These pytest fixtures aim to replace much of what we currently do in
https://github.com/dagster-io/dagster/blob/c7cdcbc39d16f81287620f15edf42bc29eec5af0/.buildkite/dagster-buildkite/dagster_buildkite/utils.py#L71-L96
and https://github.com/dagster-io/dagster/blob/master/.buildkite/hooks/pre-exit
The two biggest benefits of this approach are:
- Conditional environment logic (i.e. different behavior when running on Buildkite) is relegated to the fixtures instead of living in the tests. While we'll still have two paths through every test that uses docker compose (one that uses localhost and one that jumps through some separate networking hoops), that branching will only live in a single place instead of repeating it over and over in each test.
- We can build more interesting test scenarios in pure Python. For example, with the old approach, if you wanted to do any setup before docker compose up, you needed to offload that test setup into a script and call it from the Buildkite step. Now, you can handle that test setup in pure Python inside your test fixtures.

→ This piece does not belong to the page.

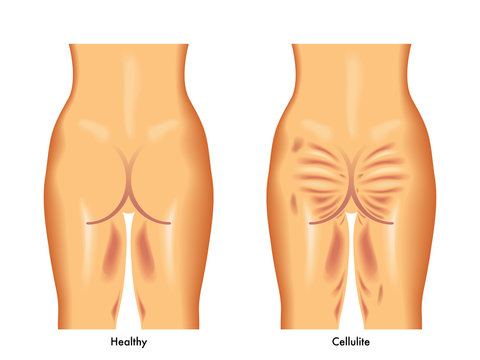 cellulite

There are two types of fixtures being introduced here:
- A higher level docker_compose fixture that's not customizable, but operates like a true Pytest fixture. You can use this if your docker-compose.yml lives in your test directory and if there's no additional setup or customization you need by simply including the fixture name as an argument to your test.
- A lower level docker_compose_cm fixture that yields a customizable contextmanager. This can be chained with other fixtures to produce highly customizable test setup.

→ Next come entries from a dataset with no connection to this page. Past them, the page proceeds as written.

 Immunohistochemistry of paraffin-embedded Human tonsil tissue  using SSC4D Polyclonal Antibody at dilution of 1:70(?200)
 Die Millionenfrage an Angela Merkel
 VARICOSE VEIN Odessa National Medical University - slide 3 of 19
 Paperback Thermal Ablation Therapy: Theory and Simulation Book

These fixtures can be imported individually. Alternatively, as long as
dagster_test is installed, you can have test suites automatically
discover them via any of Pytest's plugin discovery options:
https://docs.pytest.org/en/6.2.x/writing_plugins.html#plugin-discovery-order-at-tool-startup
Initially, I'm setting the pytest_plugins variable in test suites that
use this. Eventually, I'd like to configure Buildkite and our
pyproject.toml to automatically include them in all of our tests - but
doing that requires some more intentional thought around _where_ these
fixtures should live. I see a few different options:
- dagster_test - where I've chosen to place them initially. But I'm not sure we'd ever want this to be a dependency of _all_ libraries.
- dagster - similar to where we put dagster.core.test_utils.py. But it seems odd to include pytest as a dependency of dagster.
- A new library - perhaps dagster-pytest - that gets published to pypi. Although this is all specific to _our_ testing setup on Buildkite. A package with that name might be better as a customer-facing package with fixtures that allow you to easily test your own dagster code.